College of Environment and Planning, Henan University, Kaifeng 475004, China; Key Laboratory of Geospatial Technology for Middle and Lower Yellow River Region, Henan University, Kaifeng 475004, China.
College of Environment and Planning, Henan University, Kaifeng 475004, China; Key Research Institute of Yellow River Civilization and Sustainable Development, Henan University, Kaifeng 475001, China; Key Laboratory of Geospatial Technology for Middle and Lower Yellow River Region, Henan University, Kaifeng 475004, China.
Sci Total Environ. 2020 Nov 20;744:140929. doi: 10.1016/j.scitotenv.2020.140929. Epub 2020 Jul 14.

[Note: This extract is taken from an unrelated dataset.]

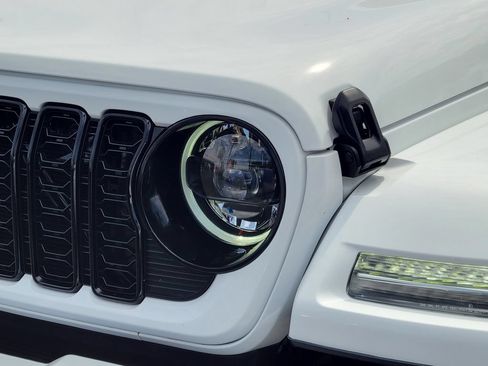 Used 2024 Jeep Wrangler High Altitude AWD/4WD image 27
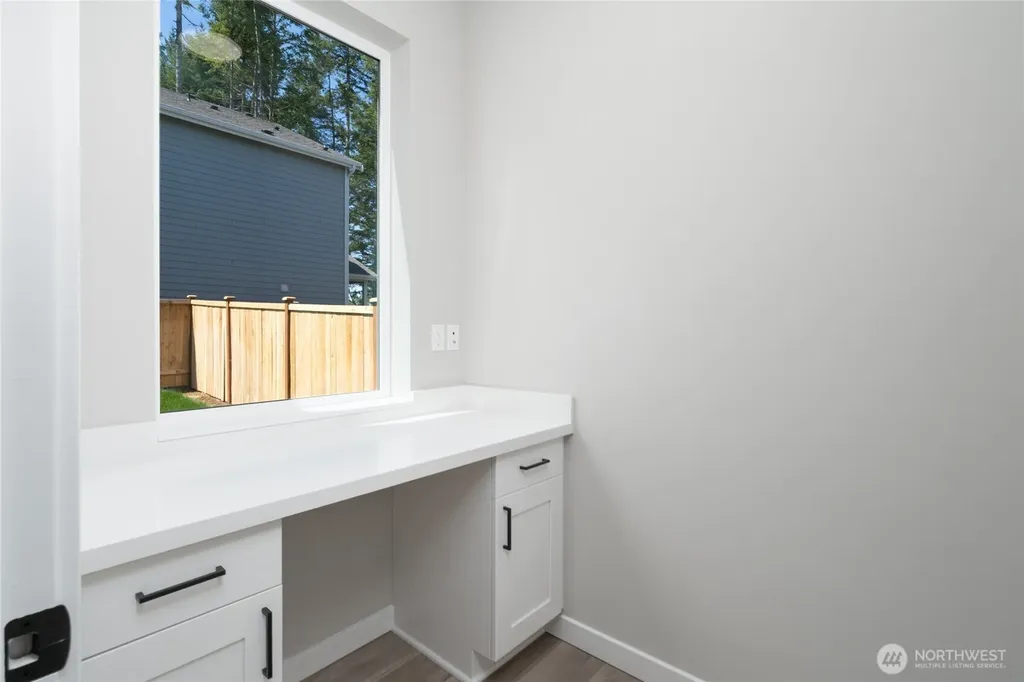 2430 SW Ridgeway Drive Oak Harbor WA 98277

This paper uses the exploratory spatial data analysis and the geodetector method to analyze the spatial and temporal differentiation characteristics and the influencing factors of the COVID-19 (corona virus disease 2019) epidemic spread in mainland China based on the cumulative confirmed cases, average temperature, and socio-economic data. The results show that: (1) the epidemic spread rapidly from January 24 to February 20, 2020, and the distribution of the epidemic areas tended to be stable over time. The epidemic spread rate in Hubei province, in its surrounding, and in some economically developed cities was higher, while that in western part of China and in remote areas of central and eastern China was lower. (2) The global and local spatial correlation characteristics of the epidemic distribution present a positive correlation. Specifically, the global spatial correlation characteristics experienced a change process from agglomeration to decentralization. The local spatial correlation characteristics were mainly composed of the'high-high' and 'low-low' clustering types, and the situation of the contiguous layout was very significant. (3) The population inflow from Wuhan and the strength of economic connection were the main factors affecting the epidemic spread, together with the population distribution, transport accessibility, average temperature, and medical facilities, which affected the epidemic spread to varying degrees. (4) The detection factors interacted mainly through the mutual enhancement and nonlinear enhancement, and their influence on the epidemic spread rate exceeded that of single factors. Besides, each detection factor has an interval range that is conducive to the epidemic spread.
本文利用探索性空间数据分析和地理探测器方法,基于累计确诊病例、平均气温和社会经济数据,分析了中国大陆 COVID-19(2019 年冠状病毒病)疫情传播的时空分异特征及其影响因素。结果表明:(1)疫情于 2020 年 1 月 24 日至 2 月 20 日快速扩散,疫区分布随时间趋于稳定。湖北省及其周边地区以及部分经济发达城市的疫情传播速度较高,而中国西部和中东部偏远地区的疫情传播速度较低。(2)疫情分布的全局和局部空间相关特征呈正相关。具体而言,全局空间相关特征经历了从集聚到分散的变化过程。局部空间相关特征主要由“高高”和“低低”聚类类型组成,且连续布局的情况非常显著。(3)武汉的人口流入和经济联系强度是影响疫情传播的主要因素,人口分布、交通可达性、平均气温和医疗设施也对疫情传播产生了不同程度的影响。(4)检测因素主要通过相互增强和非线性增强相互作用,其对疫情传播率的影响超过了单一因素。此外,每个检测因素都有一个有利于疫情传播的区间范围。